**What you have to do:** Everything from the first line of the material to the line containing "A woman in a", inclusive, must be given again exactly; no pictures, and nothing past that line.

**Recorded data:**
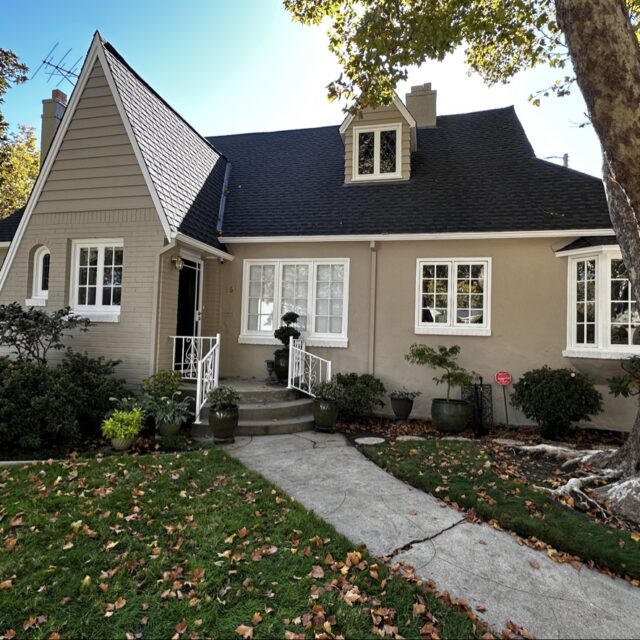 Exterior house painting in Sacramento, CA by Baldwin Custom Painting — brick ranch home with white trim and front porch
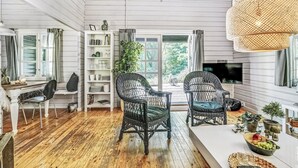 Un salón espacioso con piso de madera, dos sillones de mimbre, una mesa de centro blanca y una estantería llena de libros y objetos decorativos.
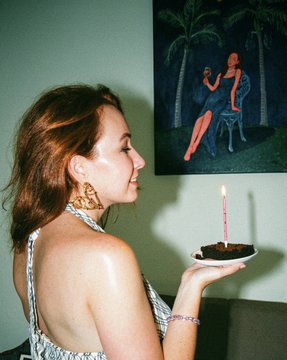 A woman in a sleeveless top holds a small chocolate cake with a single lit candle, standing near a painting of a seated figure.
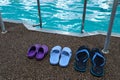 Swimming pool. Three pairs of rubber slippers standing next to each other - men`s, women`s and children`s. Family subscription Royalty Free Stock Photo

**Exercise output:**
 Exterior house painting in Sacramento, CA by Baldwin Custom Painting — brick ranch home with white trim and front porch
 Un salón espacioso con piso de madera, dos sillones de mimbre, una mesa de centro blanca y una estantería llena de libros y objetos decorativos.
 A woman in a sleeveless top holds a small chocolate cake with a single lit candle, standing near a painting of a seated figure.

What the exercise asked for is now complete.